----- Data section

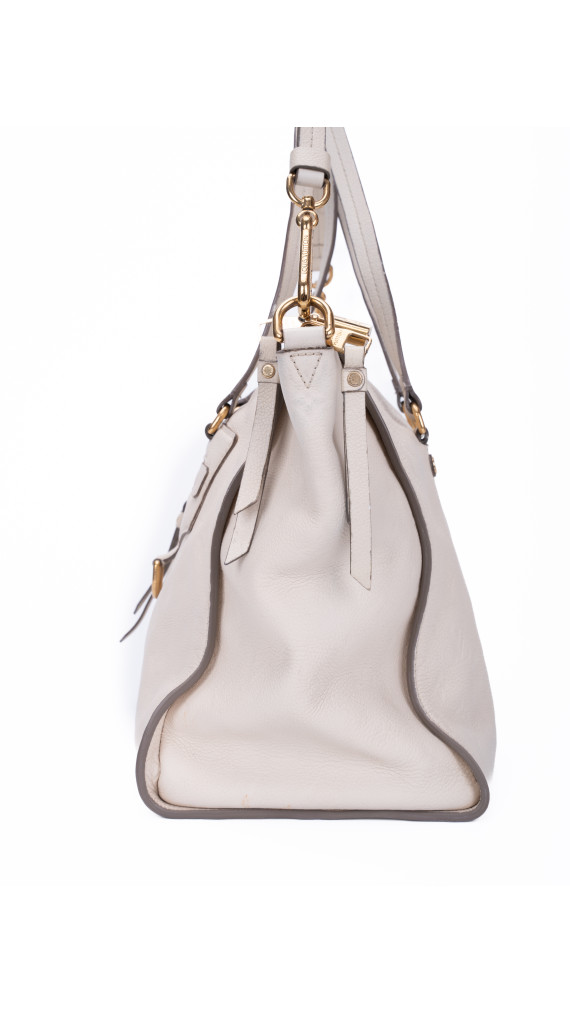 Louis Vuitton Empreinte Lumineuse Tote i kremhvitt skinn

----------
----- Data section

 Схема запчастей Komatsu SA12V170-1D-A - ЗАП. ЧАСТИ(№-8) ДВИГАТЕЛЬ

----------
----- Data section

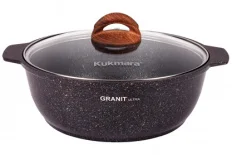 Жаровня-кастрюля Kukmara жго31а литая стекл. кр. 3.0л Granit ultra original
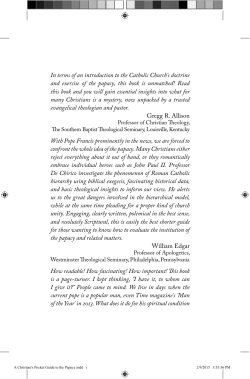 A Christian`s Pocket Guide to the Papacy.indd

----------

■ Required work: Reproduce the lines above beginning at the line that contains "Жаровня-кастрюля Kukmara жго31а" and ending at the line that contains "to the Papacy.indd". No pictures.

■ Solution for this task:
 Жаровня-кастрюля Kukmara жго31а литая стекл. кр. 3.0л Granit ultra original
 A Christian`s Pocket Guide to the Papacy.indd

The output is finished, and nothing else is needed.